David Mickey-Pabello is the inaugural research director of the Inland Empire Labor and Community Center at UC Riverside, where he hopes to continue his mission to improve people’s lives through research and its applications. He holds four degrees from the University of Michigan:  PhD in Sociology (2019), MA in Sociology, MA in Higher Education, and BA in Applied Linguistics. “Mickey” was most recently a simultaneous postdoctoral fellow at Harvard University and UCLA’s Civil Rights Project. At UCLA, he coordinated national- and state-level research efforts focusing on the next quarter century of civil rights research and conducted studies of the relationship between neighborhood gentrification, school segregation, and intergenerational mobility in California. At Harvard, he is the senior associate editor of the Du Bois Review, a social science journal about race and ethnicity housed within Harvard’s Hutchins Center for African & African American Research.

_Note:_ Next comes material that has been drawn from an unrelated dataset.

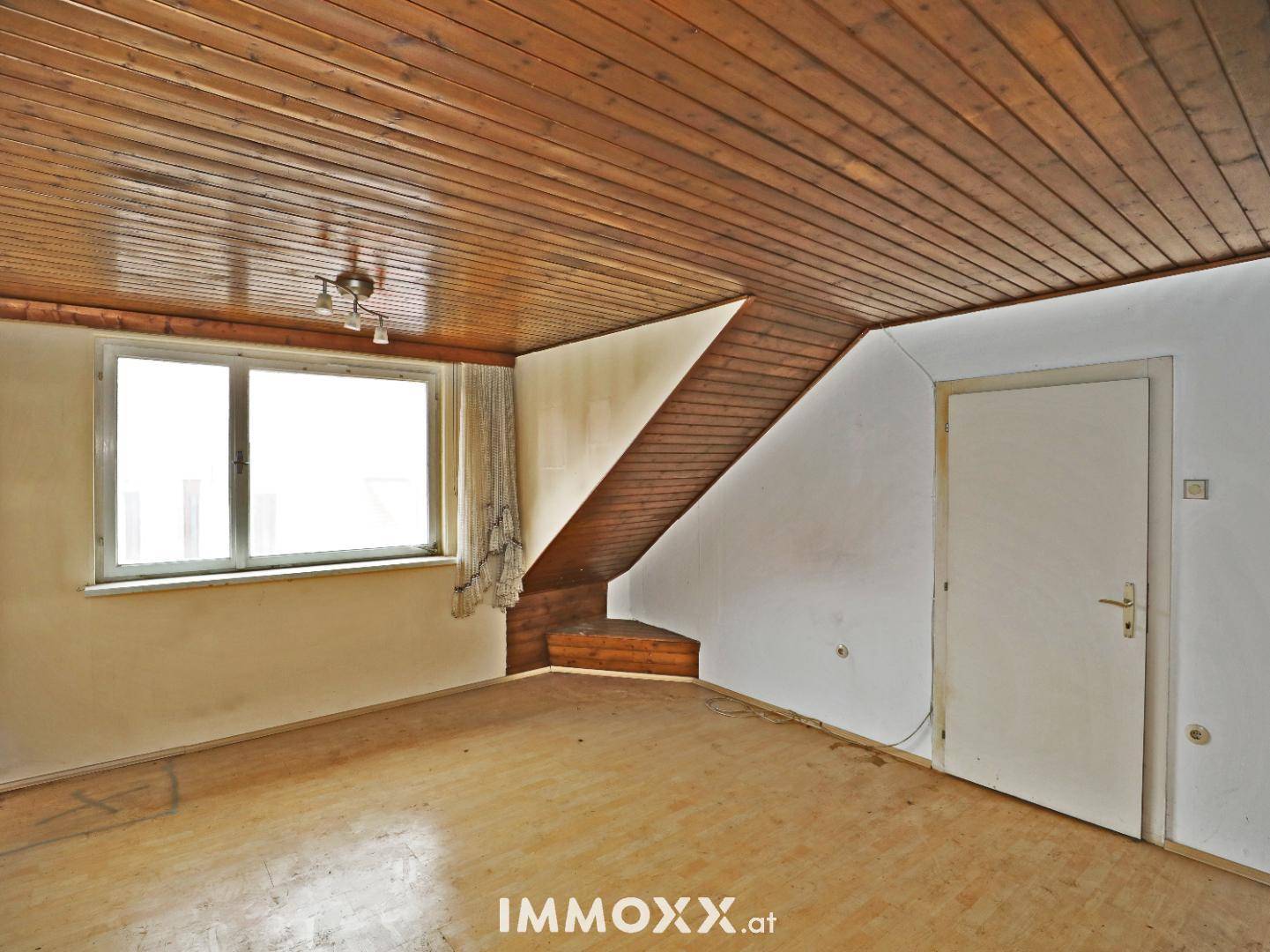 Geräumiger Raum mit Holzdecke und Treppenaufgang, bietet Zugang zu weiteren Etagen.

His research broadly covers sociology of education, race/ethnicity, social inequality, demography, assortative mating, sociology of law, social policy and specializes in affirmative action bans. He also applies a broad range of methodological approaches in his work: difference in differences, triple differencing, first differences, hierarchical modeling, matching techniques, regression decomposition, event history modeling, and qualitative techniques such as qualitative comparative analysis, and content analysis. He works with several sources of data including the NLYS, NELS, CPS, ACS, AAMC, US World & News Reports rankings, IPEDS, CDC WONDER, and the GSS. Furthermore, he has collected many sources of restricted data from the University of Michigan on its students from the Registrar’s Office, University Housing, the Office of Student Life, Greek Life, Admissions, Financial Aid, and has merged these to restricted data from the College Board on high school characteristics. Mickey’s dissertation, “The Unintended Consequences of Affirmative Action Bans,” draws upon a wide variety of data sources mentioned above. His previous work has been published in the American Journal of Education and the Journal of Higher Education, and has been featured by The New York Times, The Chronicle of Higher Education, and National Public Radio.